BATTLE CREEK, MICH. — Kellogg Co. (NYSE: K) has agreed to sell select businesses in its cookie, snack and pastry lines to Italian candy giant Ferrero Group for $1.3 billion.
The sale also includes six Kellogg-owned food manufacturing facilities across the United States, as well as a Kellogg-leased facility in Baltimore. The six food plants include two assets in Chicago; two in Florence and Louisville, Ky.; one in Allyn, Wash.; and another in Augusta, Ga.
Ferrero and its affiliated companies will acquire Kellogg brands such as Keebler, Mother’s, Famous Amos, Murray’s and Murray’s Sugar Free, as well as cookies manufactured for Girl Scouts of the U.S.A. by Little Brownie Bakers. The sale also includes Kellogg’s fruit and fruit-flavored snacks, pie crusts and ice cream cones businesses.
In 2018, these combined businesses recorded net sales of nearly $900 million and operating profit of approximately $75 million, according to Kellogg.
The Battle Creek-based food manufacturer will retain the rest of its North American snacking businesses, including its crackers, salty snacks, healthy snacks and toaster pastries brands such as Pop-Tarts, Eggo, Cheez-It and Pringles.
Kellogg and Ferrero expect the transaction to close in July.
Evercore was lead advisor to Kellogg on the transaction, with Goldman Sachs acting as co-advisor. Wachtell, Lipton, Rosen & Katz acted as Kellogg’s legal counsel.
JP Morgan Securities and Davis Polk & Wardwell LLP served as advisors to Ferrero.

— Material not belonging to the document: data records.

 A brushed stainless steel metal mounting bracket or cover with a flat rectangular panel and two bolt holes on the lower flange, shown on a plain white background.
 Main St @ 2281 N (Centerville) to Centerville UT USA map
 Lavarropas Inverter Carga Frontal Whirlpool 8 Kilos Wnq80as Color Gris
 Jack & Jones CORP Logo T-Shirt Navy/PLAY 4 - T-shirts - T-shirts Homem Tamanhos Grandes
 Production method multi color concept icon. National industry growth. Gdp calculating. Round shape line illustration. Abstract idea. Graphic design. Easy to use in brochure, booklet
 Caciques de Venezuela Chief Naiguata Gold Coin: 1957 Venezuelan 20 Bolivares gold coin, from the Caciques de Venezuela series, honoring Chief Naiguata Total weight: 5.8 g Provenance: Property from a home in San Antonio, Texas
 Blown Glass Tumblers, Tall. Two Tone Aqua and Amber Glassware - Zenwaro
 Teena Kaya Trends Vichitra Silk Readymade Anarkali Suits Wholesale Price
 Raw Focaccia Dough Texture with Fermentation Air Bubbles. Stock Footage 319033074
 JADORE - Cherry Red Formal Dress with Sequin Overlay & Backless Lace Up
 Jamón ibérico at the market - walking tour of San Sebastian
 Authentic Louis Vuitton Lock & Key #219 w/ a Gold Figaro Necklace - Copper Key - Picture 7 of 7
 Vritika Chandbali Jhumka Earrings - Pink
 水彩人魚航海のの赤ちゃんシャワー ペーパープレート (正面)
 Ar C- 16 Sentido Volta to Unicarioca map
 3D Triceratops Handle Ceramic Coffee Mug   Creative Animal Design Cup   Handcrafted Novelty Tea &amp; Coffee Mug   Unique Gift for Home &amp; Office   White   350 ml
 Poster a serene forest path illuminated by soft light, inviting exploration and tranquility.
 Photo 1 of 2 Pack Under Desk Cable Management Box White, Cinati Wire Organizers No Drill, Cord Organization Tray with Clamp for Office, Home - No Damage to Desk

Kellogg’s net sales in 2018 were approximately $13.5 billion, comprised principally of snacks and convenience foods like cereal and frozen foods. The company’s stock price closed on Monday, April at $56.22 per share, down from $63.12 a year ago.
Founded as a family business in Alba, Italy in 1946, Ferrero Group is the third-largest company in the global chocolate confectionary market, with global sales of over $12 billion, distribution across over 170 countries, and a workforce of more than 30,000 people across 55 countries. The company’s owned brands include Tic Tac, Ferrero Rocher, Nutella, Kinder Joy and Fannie May chocolates.